A world-famous church in the Kimberley outback known for its mother of pearl interior design and appearance in motion pictures will roll out the red carpet for its 100th-year celebrations this weekend.
Sacred Heart Church has been the pride and joy of the Beagle Bay community, 180km north of Broome, since it was built a century ago by German priests and the Nyul Nyul people during World War I.
It has become a renowned tourist attraction over time that leaves visitors in awe because of its natural composition, made entirely of clay brick, sand, wood and pearl shells.
But it was the last decade when it reached celebrity status, after appearing in the critically acclaimed film Bran Nue Dae.
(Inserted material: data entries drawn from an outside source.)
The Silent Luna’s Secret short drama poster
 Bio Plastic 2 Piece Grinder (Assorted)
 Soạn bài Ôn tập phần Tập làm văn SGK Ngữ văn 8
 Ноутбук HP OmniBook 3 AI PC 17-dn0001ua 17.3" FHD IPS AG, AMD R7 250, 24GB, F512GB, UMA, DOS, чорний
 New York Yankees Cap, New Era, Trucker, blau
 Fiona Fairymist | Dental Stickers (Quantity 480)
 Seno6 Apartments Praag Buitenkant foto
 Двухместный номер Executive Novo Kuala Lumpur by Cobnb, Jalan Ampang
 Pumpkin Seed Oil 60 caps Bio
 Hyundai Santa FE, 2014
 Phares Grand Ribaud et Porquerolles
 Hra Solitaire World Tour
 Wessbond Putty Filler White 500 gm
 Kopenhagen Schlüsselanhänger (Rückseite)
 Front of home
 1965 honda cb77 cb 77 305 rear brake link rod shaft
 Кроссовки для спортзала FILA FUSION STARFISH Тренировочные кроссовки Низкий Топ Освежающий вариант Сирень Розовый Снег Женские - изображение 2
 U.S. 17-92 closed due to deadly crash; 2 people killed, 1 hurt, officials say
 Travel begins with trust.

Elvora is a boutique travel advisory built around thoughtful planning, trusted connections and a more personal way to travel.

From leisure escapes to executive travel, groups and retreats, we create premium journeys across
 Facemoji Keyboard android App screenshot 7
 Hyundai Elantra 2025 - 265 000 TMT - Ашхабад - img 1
And despite a remarkable history of ups and downs, including the collapse of its bell tower in 2001 and recovery one year later, the extraordinary building will tick over to its 100th year this weekend.
The indigenous community of about 300 people have united together in preparation for the festivities, for what they believe will be one of the busiest days in their history. The momentous event will begin with a reconciliation mass on Saturday night, followed by performances, storytelling, speeches and presentations to elders.
Sunday will see the 100-year mass take place, with art and photo exhibits, an enormous cook-up and more entertainment continuing all throughout the day.
SHC assistant priest Father Christopher Knapman said there was a huge level of excitement around the town, with at least 400 people expected to attend.
“What’s special about this is that each and every single family is involved in some way and it is such a great time for them to remember their entire history” he said.
“This church has been central to their lives and the history of this community and is one of the most famous churches in Australia, which is why they are so proud of it.”